De eed op de Kaatsbaan

Staten Generaal roepen zich uit tot Nationale Vergadering
Op 16 juni benoemde de Derde Stand zich tot 'Nationale Vergadering'. Zij weigerden verder de verdeling in drie standen te erkennen. De koning greep in. Hij liet de vergaderzaal op slot doen. De ‘Nationale Vergadering’ kon er niet in en week uit naar de Kaatsbaan. Daar legden zij de eed af: zij zouden niet uit elkaar gaan voordat zij Frankrijk een grondwet hadden gegeven. De koning en de adellijke raadgevers waren furieus. Zij besloten zich te verzetten tegen de Nationale Vergadering. Er werden buitenlandse troepen gemobiliseerd die aan de rand van Parijs stonden.

Bestorming van Bastille en boerenopstanden

De Parijse bevolking had angst voor de buitenlandse troepen van de koning en de adel. Daarnaast zagen zij de Bastille als een bastion van onderdrukking. Zij verzamelden zich ook om de gevangen te bevrijden en om de strijd aan te gaan. Op 14 juli 1789 vindt de Bestorming van de Bastille plaats door de Parijzenaars uit onvrede met hun koning Lodewijk XVI. Deze dag is nu nog steeds een feestdag in Frankrijk.

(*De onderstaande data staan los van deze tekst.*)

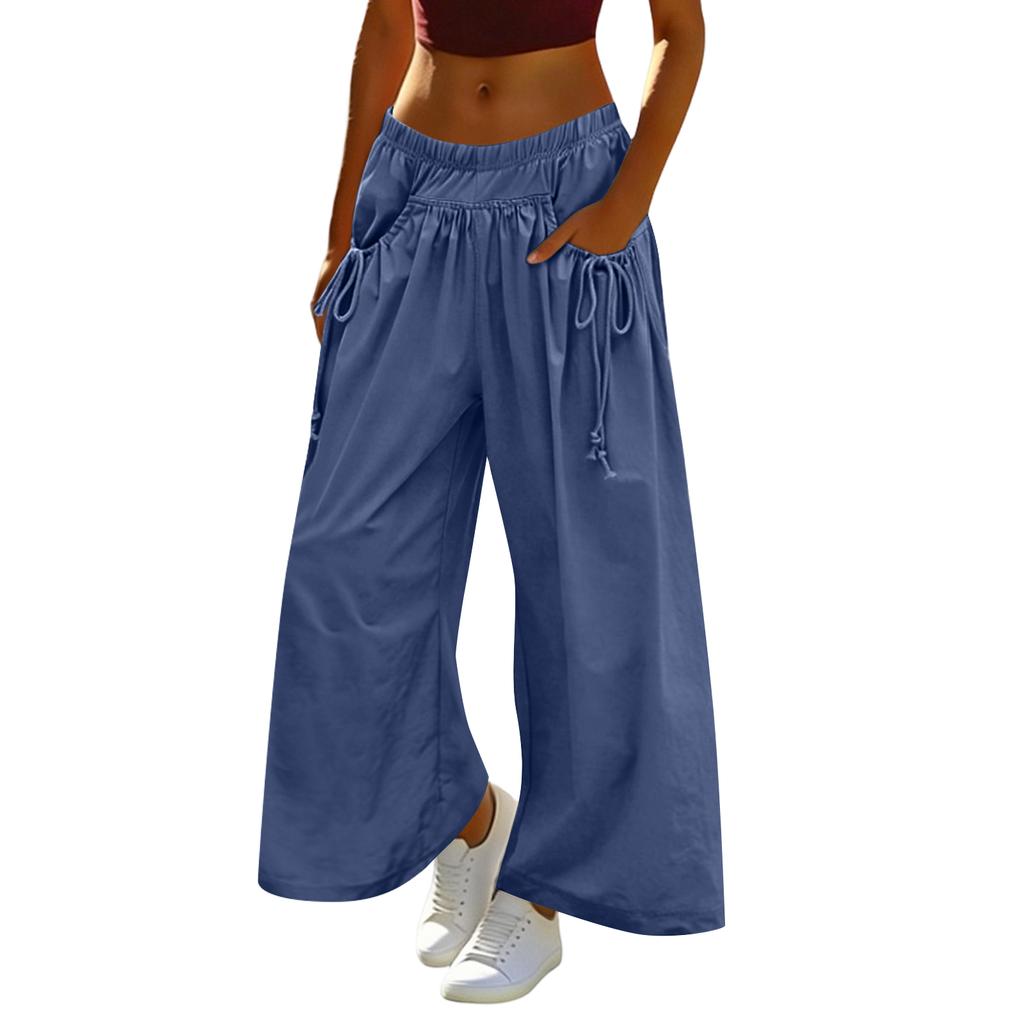 Women's Loose Wide-leg Sweatpants, With Drawstring Pockets, Elastic Waistband, Three-quarter Length, Hiking Pants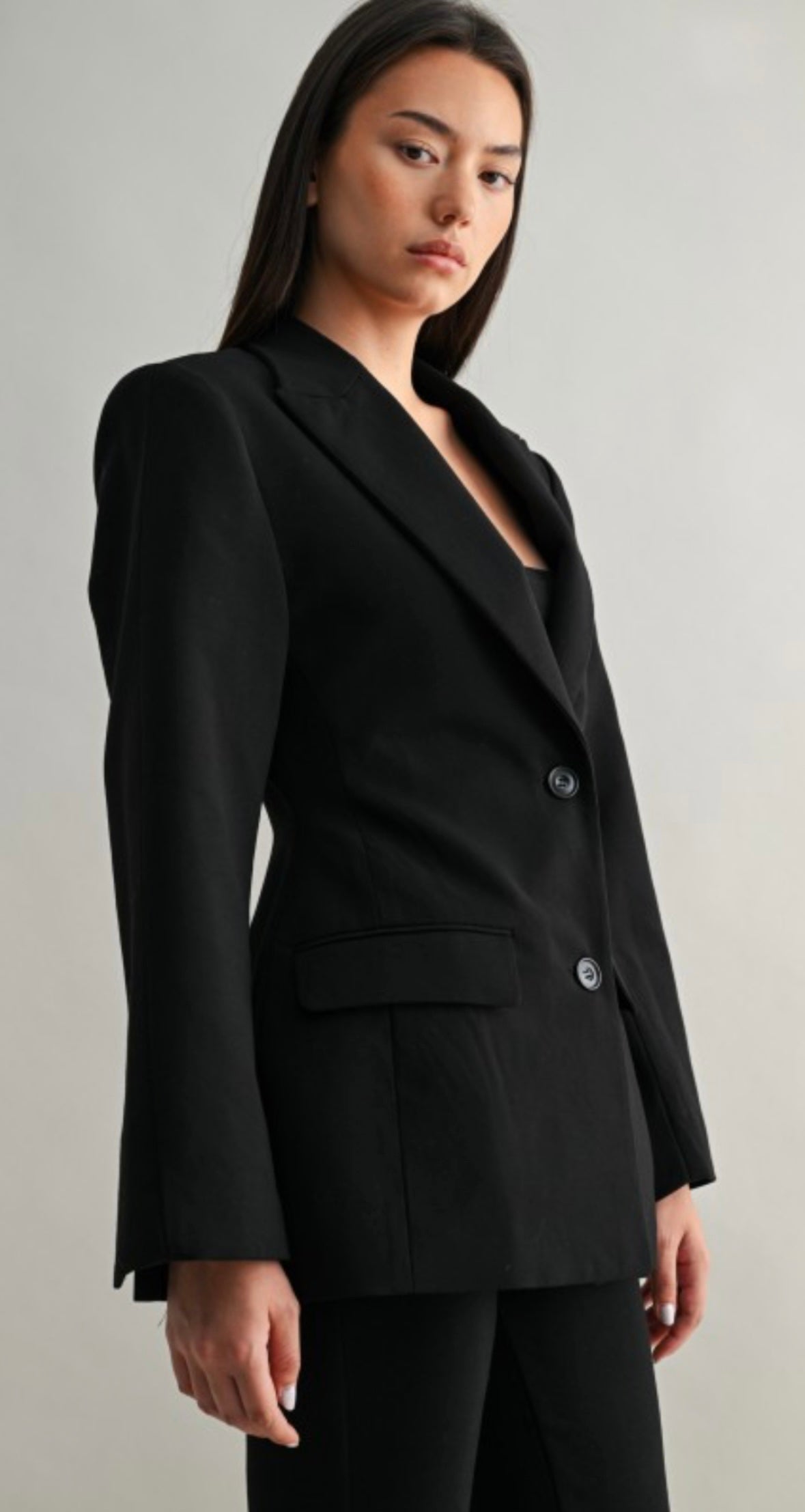 Fitted Waist Suit Blazer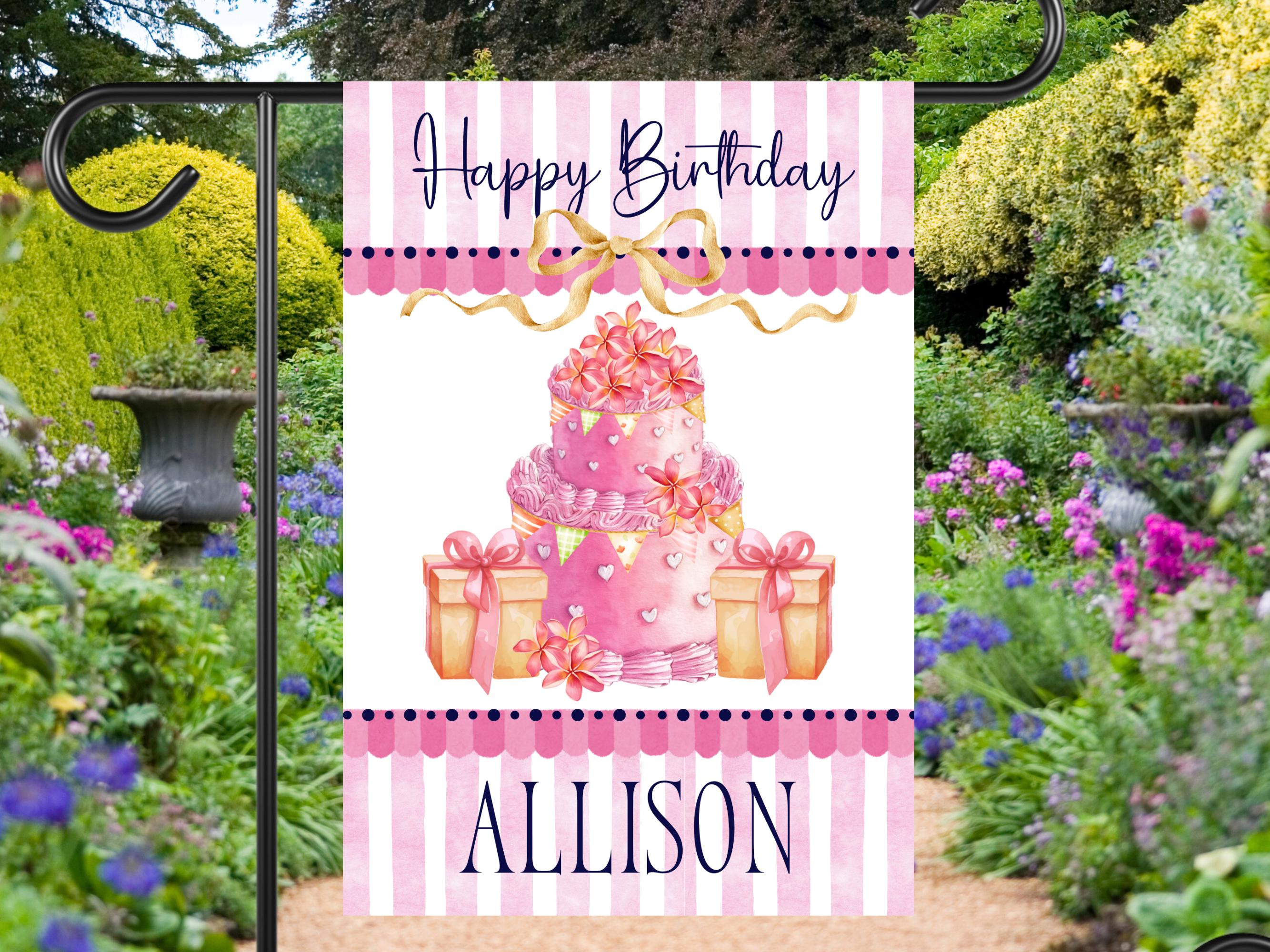 Personalized Pink Birthday Cake Garden Flag: Girly House Flag Outdoor Decor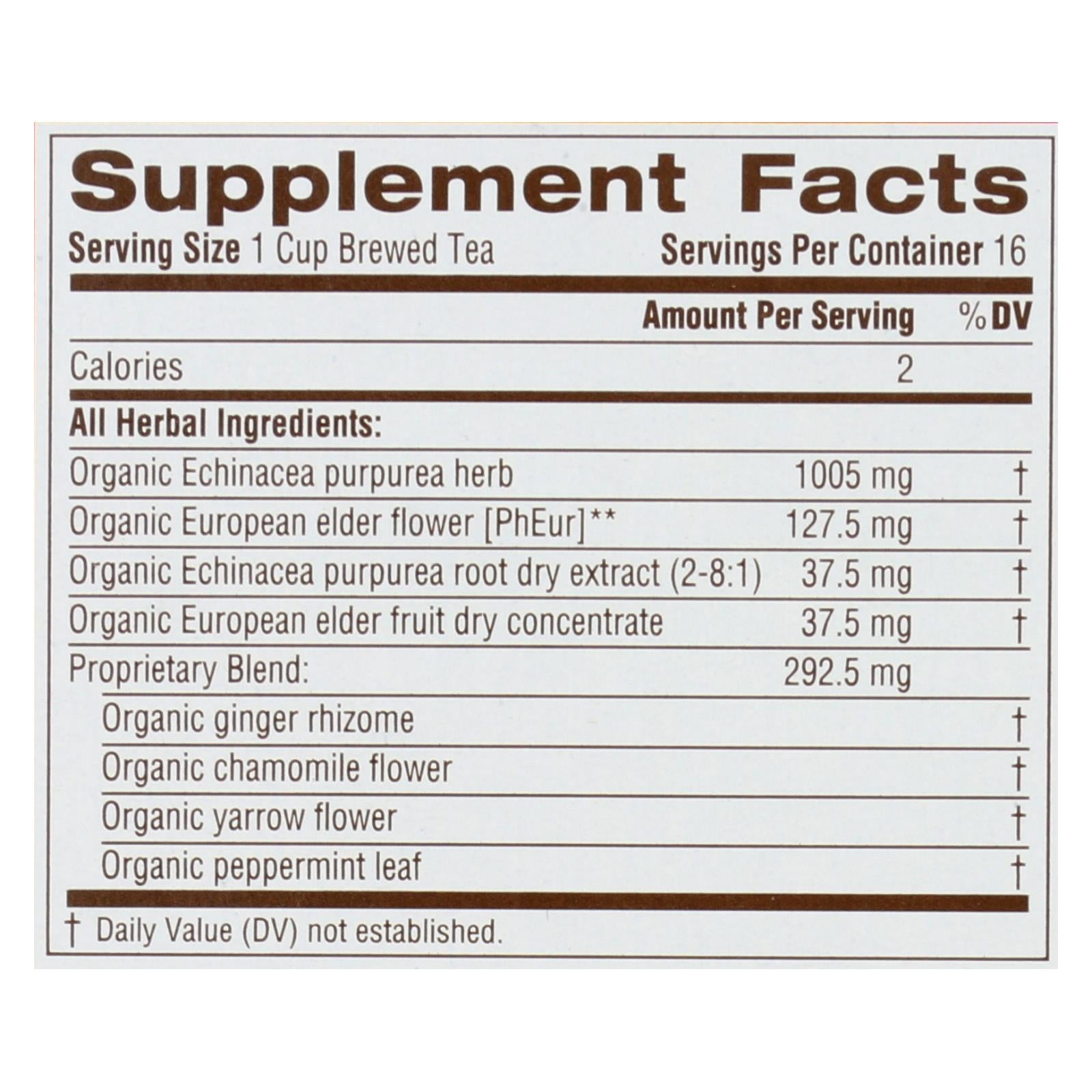 Traditional Medicinals Echinacea + Elderberry Tea, Caffeine Free - (6 Pack) 16 Tea Bags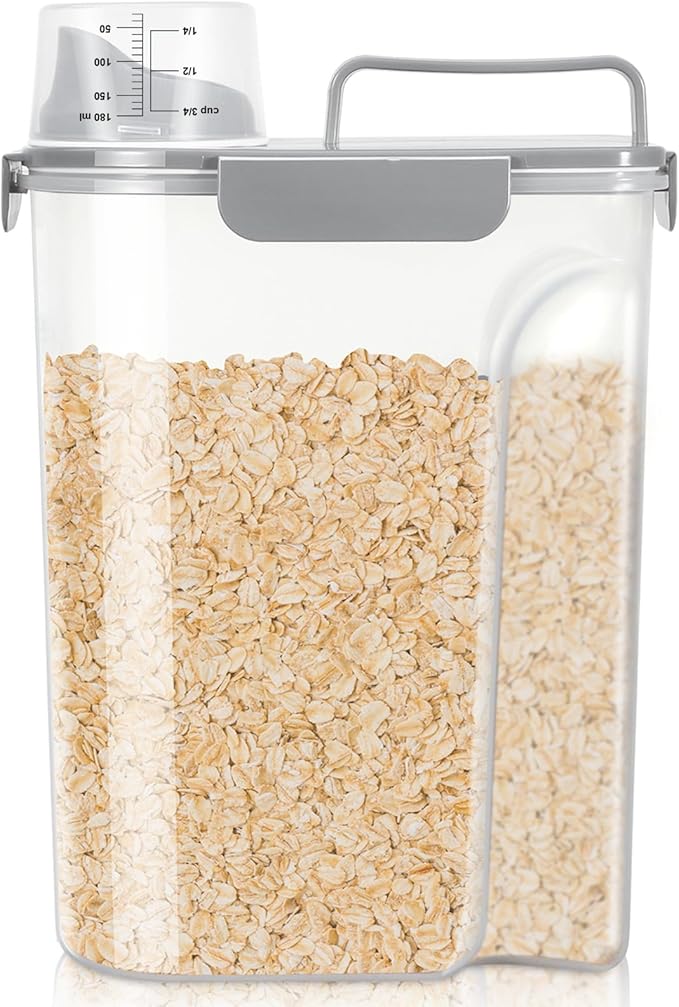 TBMax Rice Container 10 Lbs, Cereal Container Oatmeal Storage, Airtight Food Dispenser with Easy-pouring Spout & Handy Cup for Flour Grain Beans, Pet Dog Cat Bird Food Storage Container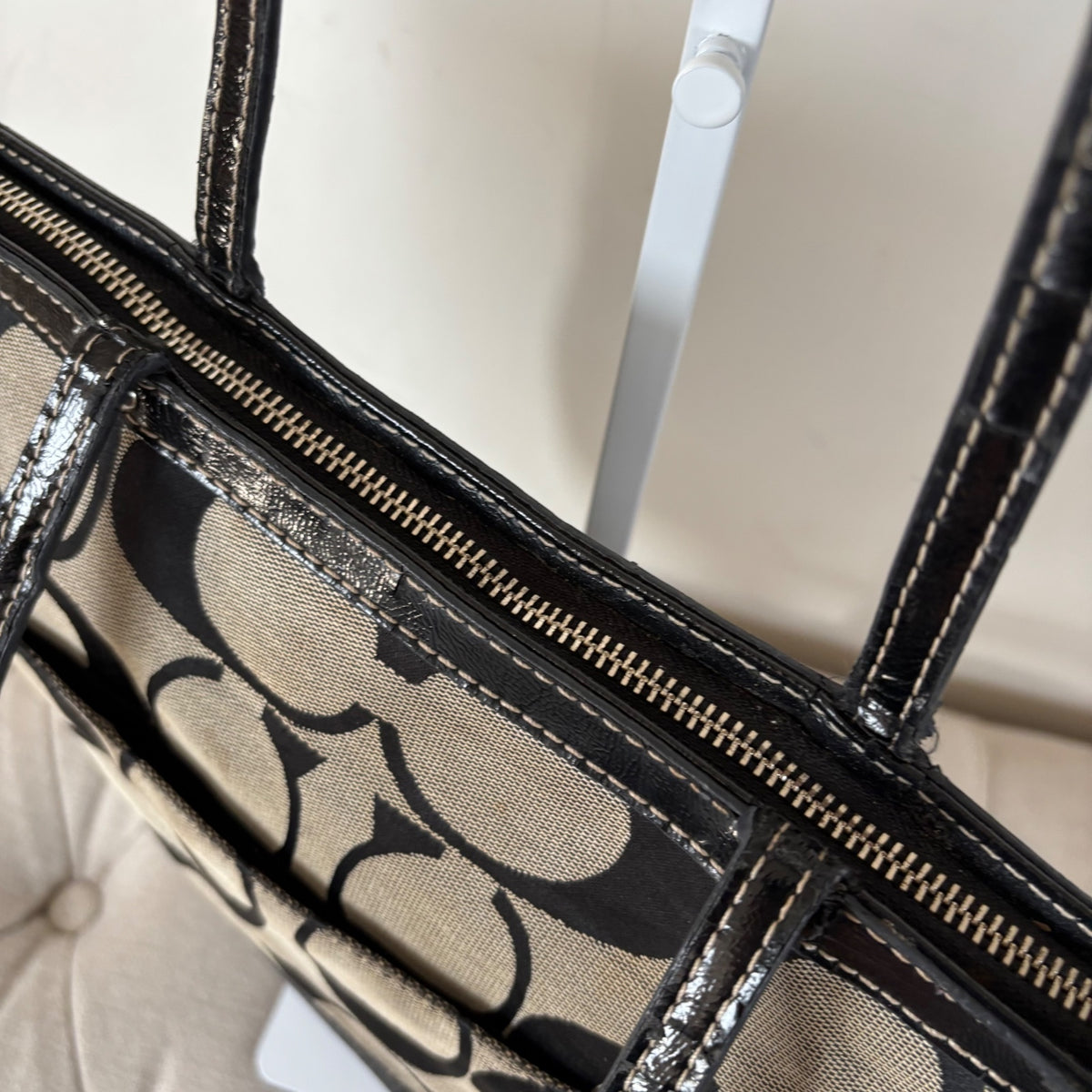 Coach Black Signature Stripe Monogram Tote Shoulder Bag D1276-F19046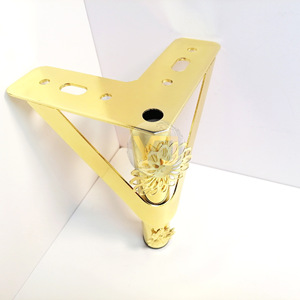 Sunflower Pattern Sofa Legs Gold Openwork Support Heavy Duty Retro Carbon Steel Furniture Legs For Bed Cabinet Table Chair - Product Image 4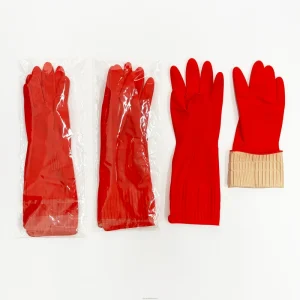 CE Approved 38cm 100g Red Rubber Latex Household Clean Gloves 100% Waterproof Soft Durable for Cleaning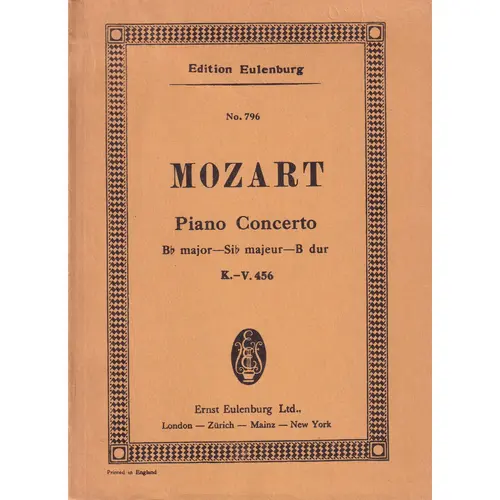 Piano Concerto Bb Maj.-Kv  456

De opstand verspreidde zich naar het boerenland door een gerucht dat de troepen van de koning de boeren zouden vermoorden. De boeren waren furieus en gaan de strijd aan: zij kwamen massaal in opstand en plunderden landgoederen en kloosters. Ook moesten de belastinginners het ontgelden. De boeren weigerden nog langer belasting te betalen.